(DATA PROVIDED)

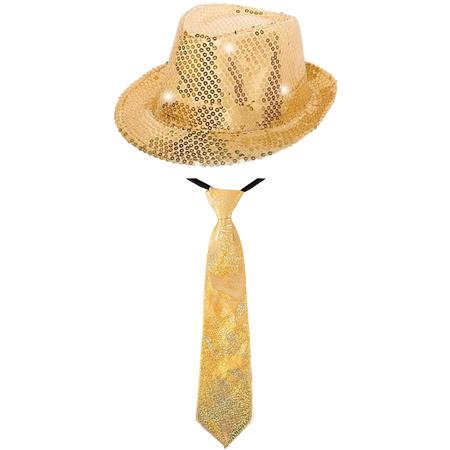 Folat party carnaval verkleed LED hoedje en stropdas goud glitters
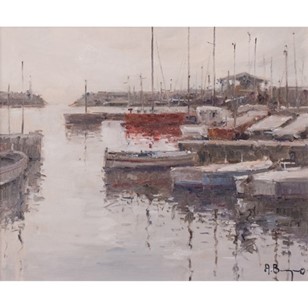 Post Impressionist Fishing Boats In...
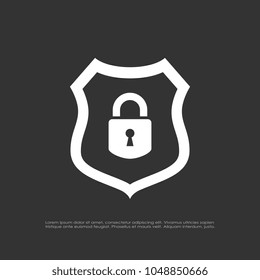 Abstract safety shield vector icon illustration isolated on black background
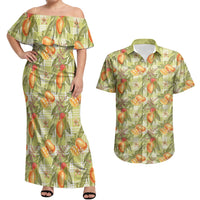 Vintage Hawaii Mango Couples Matching Off Shoulder Maxi Dress and Hawaiian Shirt Yellow Green Hawaiian Palaka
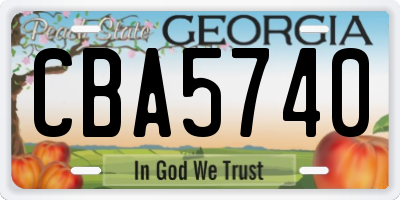 GA license plate CBA5740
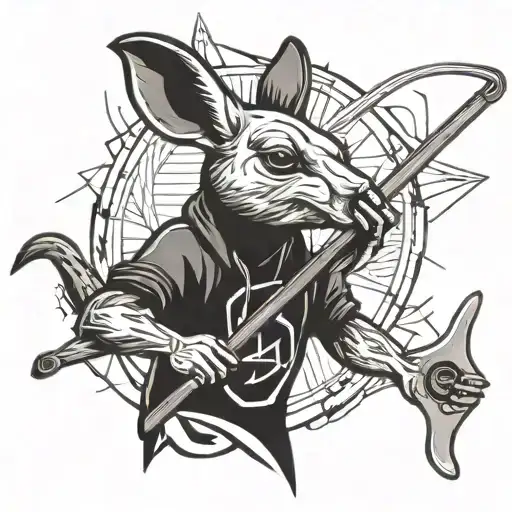 A blackwork tattoo of a kangaroo wearing hip hop attire, holding a spearfishing harpoon, set against a graffiti background inspired by Balmain Sydney tattoo design idea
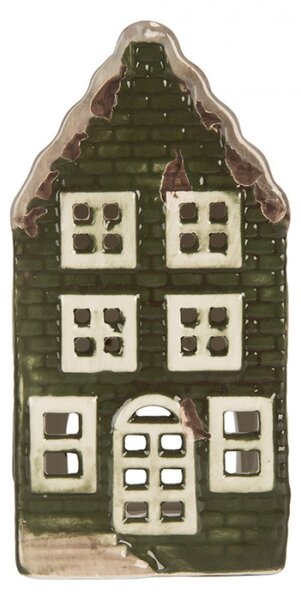 Keramický zelený svícen na čajovou svíčku ve tvaru domečku Loenen VI – 8x8x15 cm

(End DATA PROVIDED)

*YOUR ASSIGNMENT:* Give the data again exactly, without pictures.

*WRITTEN RESPONSE:*
 Folat party carnaval verkleed LED hoedje en stropdas goud glitters
 Post Impressionist Fishing Boats In...
 Abstract safety shield vector icon illustration isolated on black background
 Vintage Hawaii Mango Couples Matching Off Shoulder Maxi Dress and Hawaiian Shirt Yellow Green Hawaiian Palaka
 GA license plate CBA5740
 A blackwork tattoo of a kangaroo wearing hip hop attire, holding a spearfishing harpoon, set against a graffiti background inspired by Balmain Sydney tattoo design idea
 Keramický zelený svícen na čajovou svíčku ve tvaru domečku Loenen VI – 8x8x15 cm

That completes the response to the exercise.